Cette triangulation circulaire, attestée par Laisné à partir de son
ethnographie auprès des Tai-Lue, exigerait alors de repenser nos
connaissances. Car il ne s’agirait plus de préserver une espèce et
son savoir, mais bien « une communauté hybride en termes de
patrimoines interspécifiques dynamiques ». Ce qui constituerait
selon ce chercheur une arme épistémologique pour comprendre
ce qui se joue dans les zoonoses. Ce sont des maladies très variées
qui se transmettent entre les animaux et les humains via l’eau,
la nourriture, etc. On trouve, par exemple, la salmonellose, la
grippe aviaire, le coronavirus…

    Nous devons donc développer de nouvelles approches,
notamment dans le domaine de l’élevage.

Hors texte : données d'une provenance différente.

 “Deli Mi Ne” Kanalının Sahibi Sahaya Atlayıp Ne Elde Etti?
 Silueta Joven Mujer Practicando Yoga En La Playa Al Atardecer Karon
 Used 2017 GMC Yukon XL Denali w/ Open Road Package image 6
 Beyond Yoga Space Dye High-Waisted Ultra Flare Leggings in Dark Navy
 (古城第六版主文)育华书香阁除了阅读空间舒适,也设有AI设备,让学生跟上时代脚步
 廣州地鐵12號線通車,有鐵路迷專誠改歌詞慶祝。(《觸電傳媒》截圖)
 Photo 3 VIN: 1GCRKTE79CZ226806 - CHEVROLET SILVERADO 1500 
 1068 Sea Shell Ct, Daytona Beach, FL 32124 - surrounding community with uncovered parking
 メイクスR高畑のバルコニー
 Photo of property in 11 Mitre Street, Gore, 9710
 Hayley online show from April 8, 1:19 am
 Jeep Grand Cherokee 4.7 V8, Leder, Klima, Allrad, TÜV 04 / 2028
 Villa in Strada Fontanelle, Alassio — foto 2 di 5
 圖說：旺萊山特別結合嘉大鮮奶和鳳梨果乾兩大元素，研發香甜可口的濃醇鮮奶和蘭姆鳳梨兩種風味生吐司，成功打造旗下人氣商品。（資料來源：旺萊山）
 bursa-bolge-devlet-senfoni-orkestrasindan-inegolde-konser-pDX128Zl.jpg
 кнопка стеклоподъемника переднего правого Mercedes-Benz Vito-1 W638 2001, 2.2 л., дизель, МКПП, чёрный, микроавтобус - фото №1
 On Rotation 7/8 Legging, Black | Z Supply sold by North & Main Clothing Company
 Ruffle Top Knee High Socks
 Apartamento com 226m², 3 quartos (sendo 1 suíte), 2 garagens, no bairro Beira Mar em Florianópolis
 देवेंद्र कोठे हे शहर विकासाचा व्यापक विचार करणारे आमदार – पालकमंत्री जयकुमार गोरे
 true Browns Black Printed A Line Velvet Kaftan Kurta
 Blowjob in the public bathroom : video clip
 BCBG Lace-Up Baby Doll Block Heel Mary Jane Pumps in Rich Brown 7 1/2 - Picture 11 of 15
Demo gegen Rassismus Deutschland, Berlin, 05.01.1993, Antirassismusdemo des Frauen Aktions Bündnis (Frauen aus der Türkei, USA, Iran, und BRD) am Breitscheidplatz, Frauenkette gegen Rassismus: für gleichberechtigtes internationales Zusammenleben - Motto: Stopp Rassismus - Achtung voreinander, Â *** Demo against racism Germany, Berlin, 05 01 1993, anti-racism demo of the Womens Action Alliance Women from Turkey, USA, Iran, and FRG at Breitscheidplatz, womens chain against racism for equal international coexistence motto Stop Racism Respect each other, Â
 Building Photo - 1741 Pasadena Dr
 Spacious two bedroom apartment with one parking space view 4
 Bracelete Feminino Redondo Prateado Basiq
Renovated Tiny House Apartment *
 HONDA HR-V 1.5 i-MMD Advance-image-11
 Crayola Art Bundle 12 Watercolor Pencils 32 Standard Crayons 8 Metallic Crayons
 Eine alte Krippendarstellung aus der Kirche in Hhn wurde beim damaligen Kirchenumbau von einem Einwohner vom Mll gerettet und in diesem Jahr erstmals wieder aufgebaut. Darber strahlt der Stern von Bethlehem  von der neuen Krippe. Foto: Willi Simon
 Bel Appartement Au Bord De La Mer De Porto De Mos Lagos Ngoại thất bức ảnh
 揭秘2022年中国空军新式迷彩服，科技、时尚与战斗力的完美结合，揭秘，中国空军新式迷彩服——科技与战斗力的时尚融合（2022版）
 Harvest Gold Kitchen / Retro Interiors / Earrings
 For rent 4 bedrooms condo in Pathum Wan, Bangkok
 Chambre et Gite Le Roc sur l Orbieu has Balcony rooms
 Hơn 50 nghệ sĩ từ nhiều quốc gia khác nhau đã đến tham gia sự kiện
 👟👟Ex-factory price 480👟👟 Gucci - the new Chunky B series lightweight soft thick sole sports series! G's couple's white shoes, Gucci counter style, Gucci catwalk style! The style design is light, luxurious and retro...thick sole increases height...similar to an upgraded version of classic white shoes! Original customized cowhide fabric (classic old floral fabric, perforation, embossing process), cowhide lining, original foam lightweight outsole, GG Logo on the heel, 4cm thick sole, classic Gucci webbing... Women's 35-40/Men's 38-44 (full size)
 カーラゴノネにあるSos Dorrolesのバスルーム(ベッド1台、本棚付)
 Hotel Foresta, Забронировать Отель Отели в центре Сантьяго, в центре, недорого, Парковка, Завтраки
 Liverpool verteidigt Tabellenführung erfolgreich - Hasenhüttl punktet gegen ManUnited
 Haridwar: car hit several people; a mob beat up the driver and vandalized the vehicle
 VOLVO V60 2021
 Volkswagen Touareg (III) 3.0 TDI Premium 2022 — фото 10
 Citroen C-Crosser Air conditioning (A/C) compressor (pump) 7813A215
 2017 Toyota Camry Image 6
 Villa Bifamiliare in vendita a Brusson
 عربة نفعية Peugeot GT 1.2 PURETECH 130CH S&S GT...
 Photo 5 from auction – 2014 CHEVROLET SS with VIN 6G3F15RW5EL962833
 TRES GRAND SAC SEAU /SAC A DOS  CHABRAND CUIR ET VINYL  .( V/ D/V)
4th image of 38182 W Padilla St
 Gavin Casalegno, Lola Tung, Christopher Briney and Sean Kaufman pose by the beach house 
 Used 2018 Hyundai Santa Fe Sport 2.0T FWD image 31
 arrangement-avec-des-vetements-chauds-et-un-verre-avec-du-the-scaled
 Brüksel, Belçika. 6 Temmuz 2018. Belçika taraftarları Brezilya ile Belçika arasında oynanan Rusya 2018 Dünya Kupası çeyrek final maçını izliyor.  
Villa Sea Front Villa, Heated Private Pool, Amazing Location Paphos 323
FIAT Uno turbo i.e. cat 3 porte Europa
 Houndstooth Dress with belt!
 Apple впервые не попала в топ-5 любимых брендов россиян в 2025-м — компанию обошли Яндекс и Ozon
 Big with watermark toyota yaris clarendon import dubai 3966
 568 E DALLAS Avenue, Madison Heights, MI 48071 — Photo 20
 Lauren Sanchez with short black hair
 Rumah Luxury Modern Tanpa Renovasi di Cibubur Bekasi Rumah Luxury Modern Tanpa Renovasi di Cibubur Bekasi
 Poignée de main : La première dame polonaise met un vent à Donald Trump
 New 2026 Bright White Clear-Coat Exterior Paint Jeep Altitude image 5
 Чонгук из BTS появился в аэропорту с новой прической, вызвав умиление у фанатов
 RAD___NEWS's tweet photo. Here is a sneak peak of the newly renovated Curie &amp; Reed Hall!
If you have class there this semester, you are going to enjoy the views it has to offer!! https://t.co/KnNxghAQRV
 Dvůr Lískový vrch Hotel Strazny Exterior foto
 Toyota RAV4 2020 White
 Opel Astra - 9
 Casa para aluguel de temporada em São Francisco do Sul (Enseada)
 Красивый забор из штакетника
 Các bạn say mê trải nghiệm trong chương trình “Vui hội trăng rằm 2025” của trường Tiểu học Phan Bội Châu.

L’étude des relations
entre éleveurs et animaux pourrait apporter les éclairages
nécessaires à une meilleure surveillance des maladies et à leur
traitement afin de (re)construire la pharmacopée vétérinaire
locale, en prenant en compte les savoirs scientifiques vétérinaires,
les savoirs locaux et les savoirs possédés par les animaux capables
d’automédication.

   Ces travaux en Papouasie-Nouvelle-Guinée, en Afrique et en
Asie remettent ainsi en cause le concept occidental de médecine,
qui considère que seul l’homme, plus particulièrement le savant,
détient la capacité de réfléchir pour diagnostiquer et soulager
des pathologies. Déjà, en 1969, hubert Gillet écrit pour son
cours d’ethnobotanique au Muséum d’histoire naturelle de
Paris sur le comportement alimentaire des animaux sauvages
qu’« il est possible que l’observation, faite par certains indigènes,
de l’enlèvement occasionnel de certaines écorces d’arbres de la
savane africaine ait attiré leur attention sur ces arbres comme
plantes médicinales ». Dans le même registre, A-G. haudricourt
ne se demandait-il pas en 1987 si « les hommes n’avaient pas
été éduqués par les animaux qu’ils côtoient » ? Assumer cette
possibilité remet bien sûr en cause le concept occidental de
médecine et son arrogance. Pour reconnaître une médecine
« chimpanzé », « marsupiale » ou encore « éléphantesque », nous
sommes aujourd’hui contraints de renoncer aux pratiques des
Modernes pour constater des similitudes entre les humains et les
animaux que l’anthropocentrisme assumé de notre médecine
ne permettait pas de voir ni même d’envisager.